A surface effect ship is also known as a "rigid sidewall hovercraft". There are flexible curtains at the bow and stern to contain an air cushion.
The Navy's experiments culminated in the 1980s with the SES-200:
During the mid-`80s, it was based at Pax River NAS. Quite a few tests were run in the Atlantic, including operations in higher sea states (keeping in mind that, at 200 tons, it wasn't a large ship).
The ride characteristics were different. Going into oncoming seas, the SES-200 tended to knife through smaller waves. But if it encountered a larger wave, the wave would slam against the flat bottom (or the ceiling of the air box, if you prefer). The result was like the ship was punched straight up.
The ship was built and equipped to commercial standards.
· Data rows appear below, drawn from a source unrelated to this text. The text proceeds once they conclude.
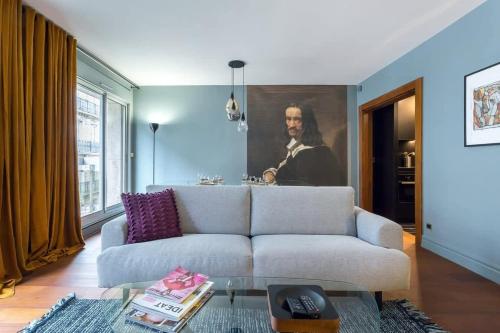 Stella - Furnished apartment - Downtown Lyon, Lyon (photo 7)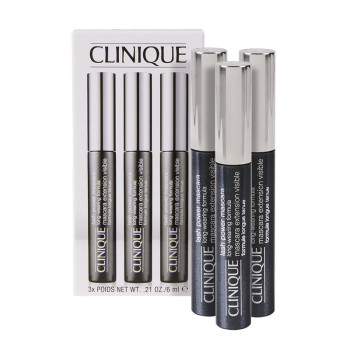 Clinique Mascara Set 3x Black Onyx 6 ml - 1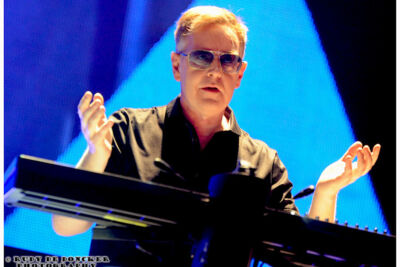 Depeche Mode @ Sportpaleis, picture 20, photographed by Rudy De Doncker - FrontView Magazine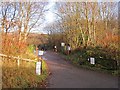 Waste handling site, Gatelawbridge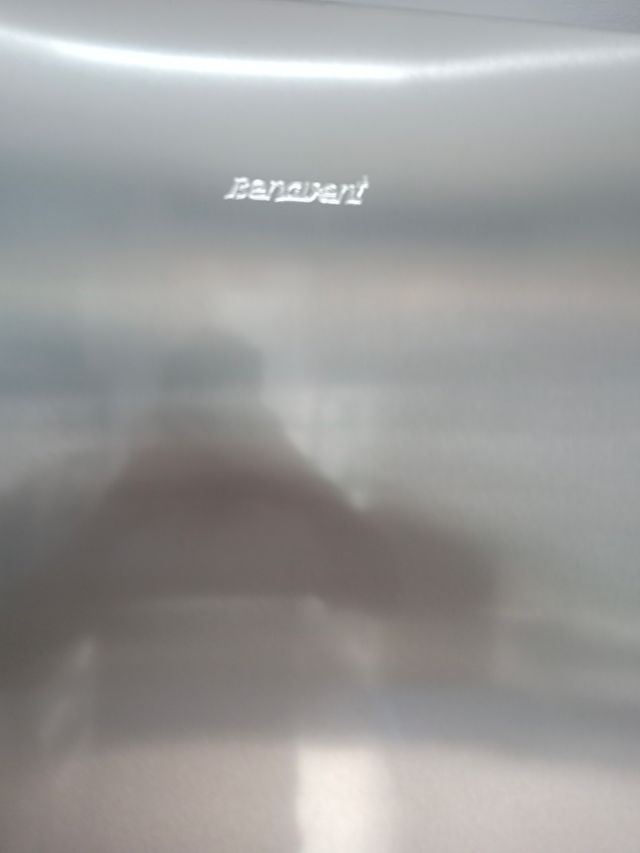 Nevera Benavente acero inoxidable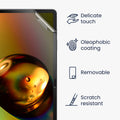 2x Folie kompatibel mit Samsung Galaxy Tab S10 FE / S10 Lite / S9 FE / S9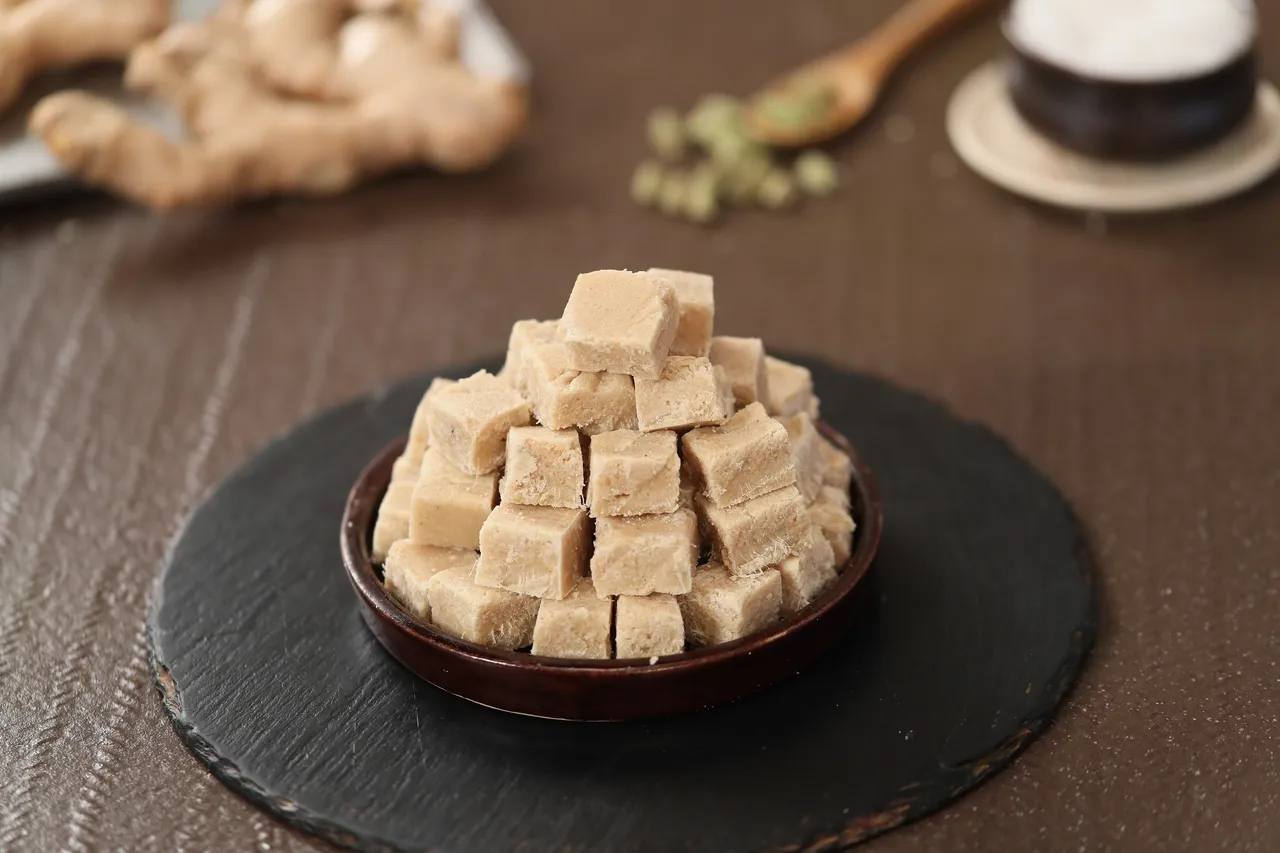 Adrak Ki Burfi - YT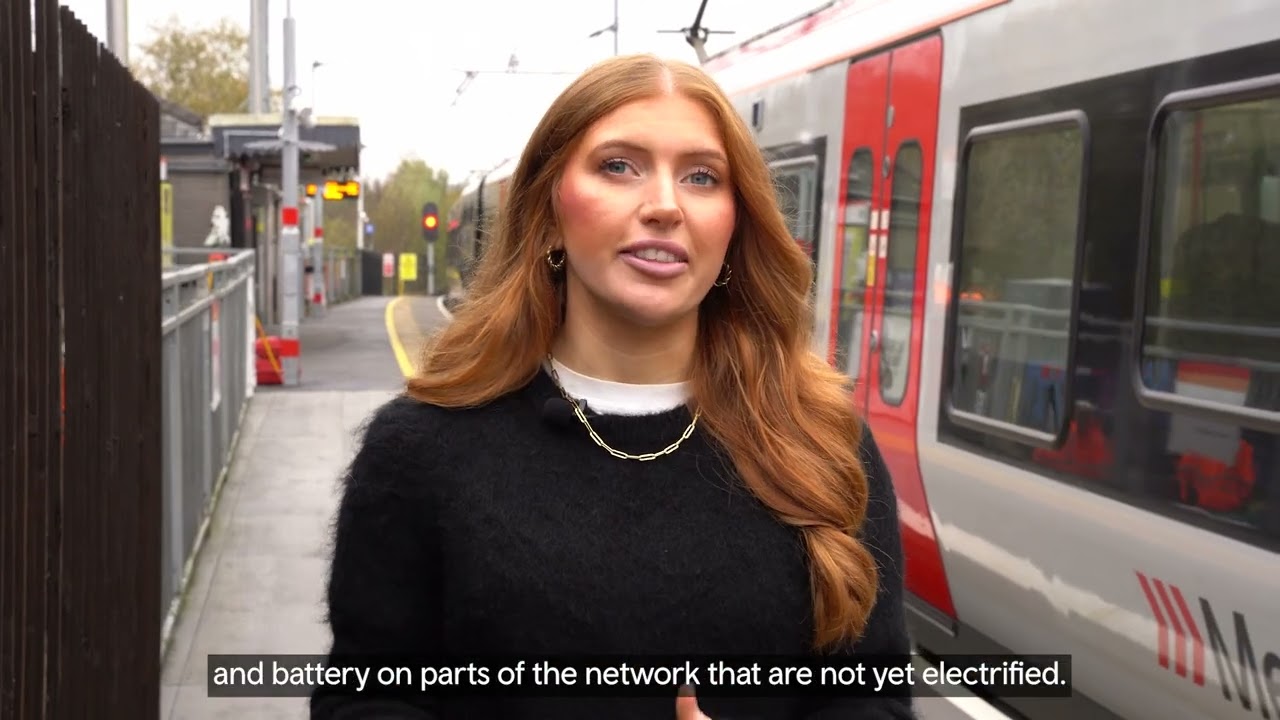 First electric trains to be introduced to South Wales Metro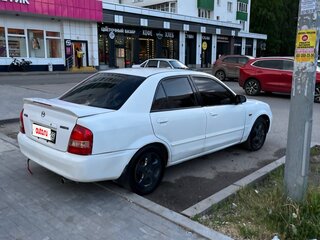 2001 Mazda Familia VIII (BJ), белый, 120000 рублей, вид 4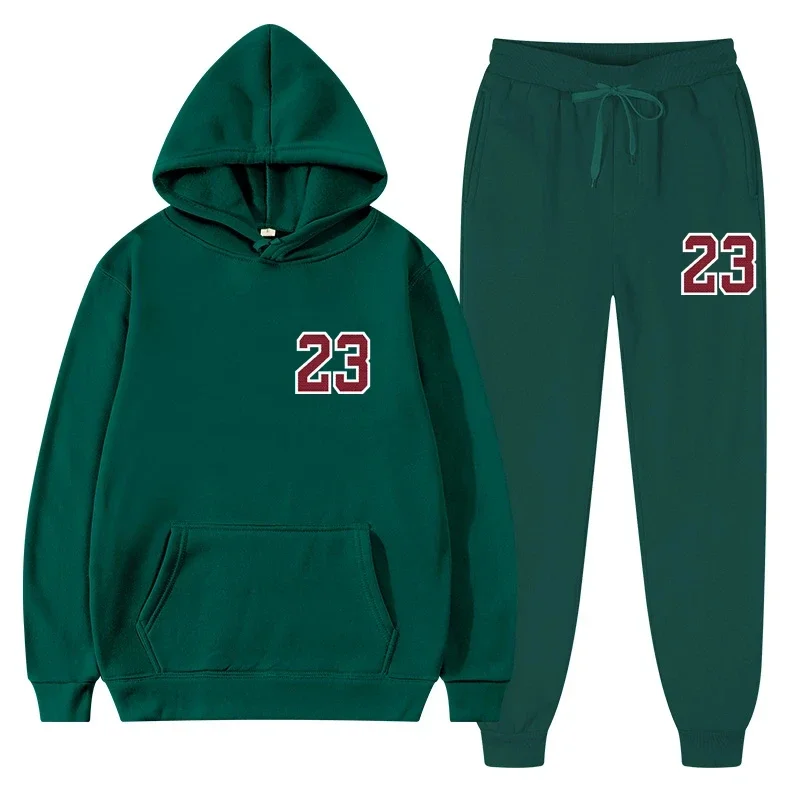 Hoodies Joggingbroek Heren Sport Set Heren Heren Pak Dames Trainingspak Dames Groepen Sweatshirts Voor Heren Sport Broek 2 Stuk Set Merk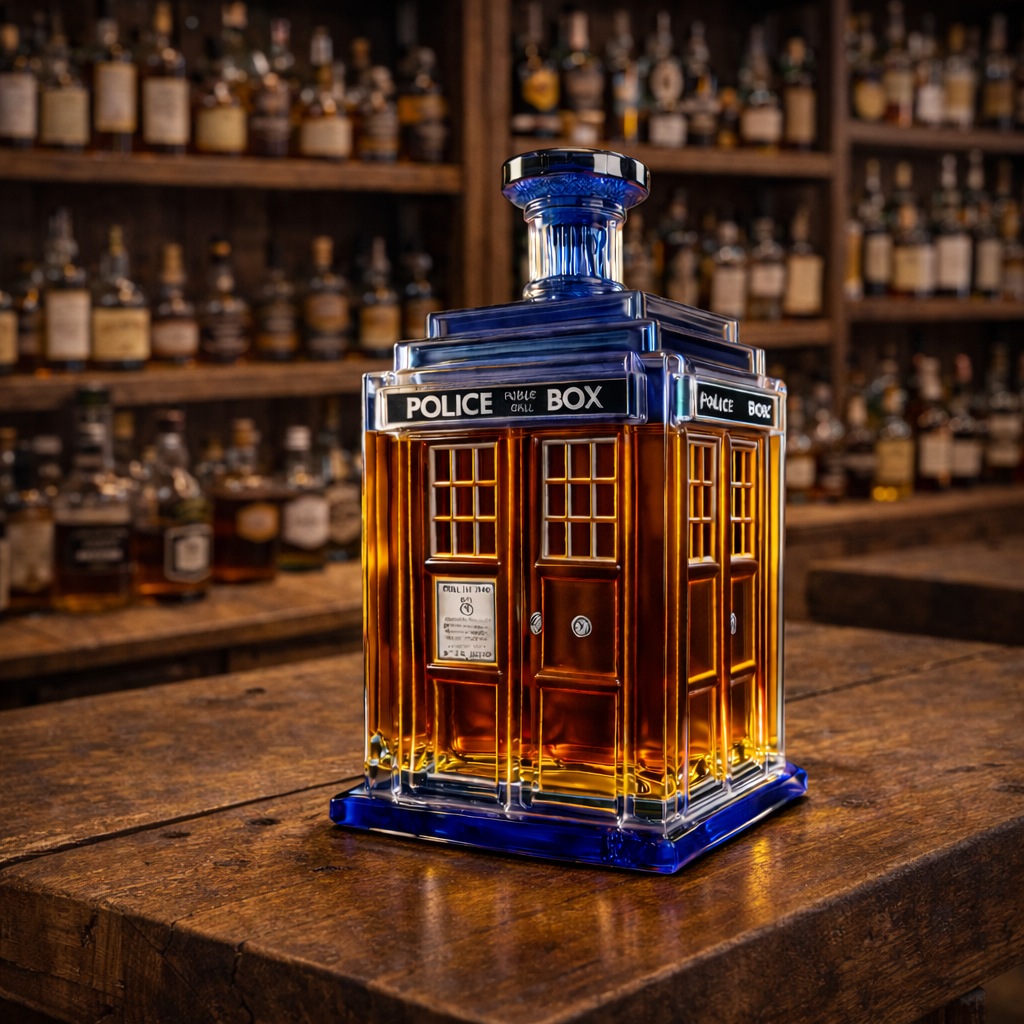 Butelka whisky - Edycja dla zespołów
The radar was a LN-66. Operations were, by necessity, informal enough to drive a tin-can trained officer to drink. There were no gyro repeaters for shooting bearings, so you buoy-hopped and took radar-range cuts to get a position. But when it was riding on its air cushion, it only drew about 5' of water, which is less than a lot of sailboats, so it was harder to get into trouble with it.
There usually were two officers assigned to the ship. It wasn't considered an afloat command, so the boss's designation was "officer in charge". Both officers were post-sea tour warfare-qualified lieutenants (and this was classified as shore duty). If the ship was going out for more than a few days, the commander of the testing operation tried to borrow a qualified officer from another command so that the OODs would be in three sections.
SES-200 was likely the first naval sea-going command to have a female commander, but I don't recollect anyone making a big deal of it at the time.
A few small surface-effect ship test craft were built to conduct research for a 3,000 ton surface effect warship which was thought to be a possible replacement for the Knox class. The SES-3000 program was probably too large of a technological leap, given at the time, not even the SES-200 had been built and the program was axed 35 years ago. One of the 100 ton SES craft fired a SM-2(MR) missile while traveling at over 60 knots.
The Soviet/Russian navy built a couple of 1,000 ton SES warships. That they only built two says something. The Norwegian navy is the only one that has recently built operational SES combat craft.